DATA EXCERPT.
------------------------------------------------------------

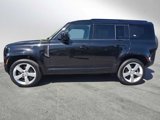 Used 2022 Land Rover Defender 110 X-Dynamic SE image 2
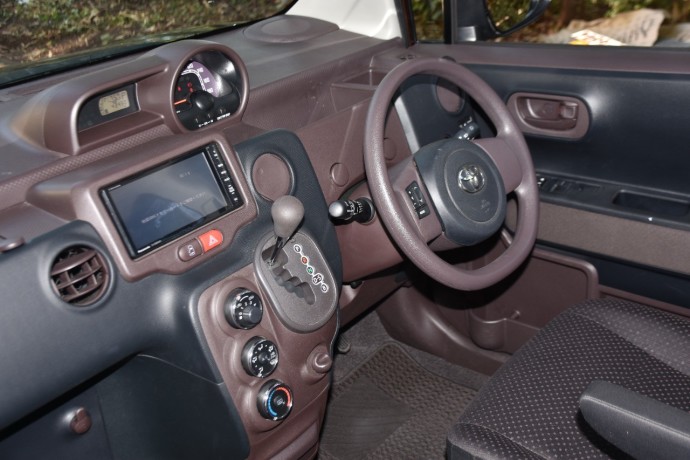 toyota-spade-2014-brown-big-9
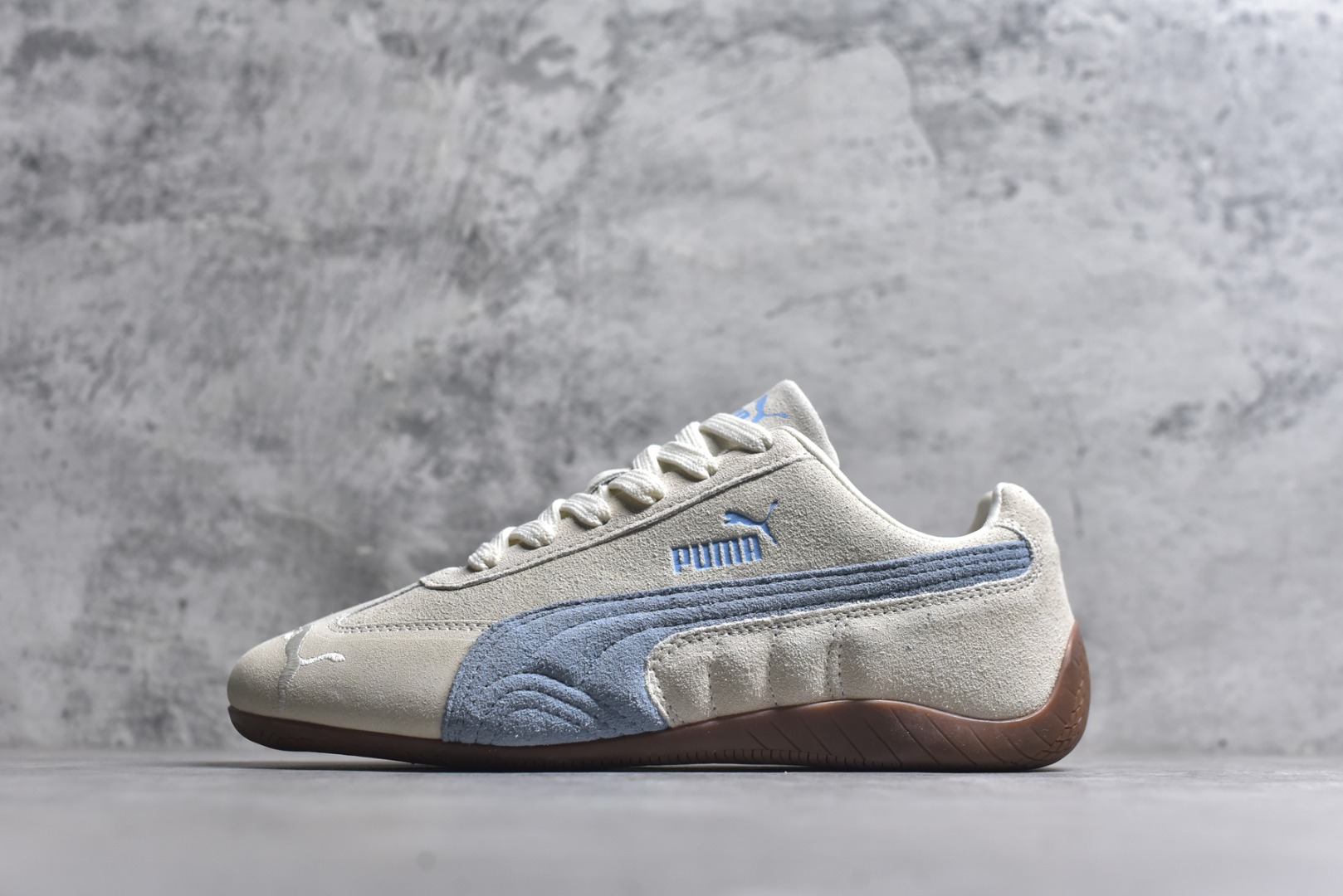 #Puma Speedcet 米蓝色 彪马薄底德迅复古运动休闲赛车跑鞋 以趣味十足又前卫复古的设计引领潮流，将赛道精神融入街头时尚，开启前卫竞速之旅。融入经典配色，主打前卫复古风。鞋款的鞋侧以复古的流线造型，缀以经典Logo，巧妙吸睛；麂皮+网眼融合舒适鞋面，赋予了独特的个性美学，演绎赛车的无尽能量。 货号：401698-19 尺码：35.5 36 37 37.5 38 38.5 39 40 40.5 41 42 42.5 43 44 45-选品中心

------------------------------------------------------------

WORK INSTRUCTION.
Leaving every picture out, output the data exactly as it stands.

ANSWER TO THIS TASK.
 Used 2022 Land Rover Defender 110 X-Dynamic SE image 2
 toyota-spade-2014-brown-big-9
 #Puma Speedcet 米蓝色 彪马薄底德迅复古运动休闲赛车跑鞋 以趣味十足又前卫复古的设计引领潮流，将赛道精神融入街头时尚，开启前卫竞速之旅。融入经典配色，主打前卫复古风。鞋款的鞋侧以复古的流线造型，缀以经典Logo，巧妙吸睛；麂皮+网眼融合舒适鞋面，赋予了独特的个性美学，演绎赛车的无尽能量。 货号：401698-19 尺码：35.5 36 37 37.5 38 38.5 39 40 40.5 41 42 42.5 43 44 45-选品中心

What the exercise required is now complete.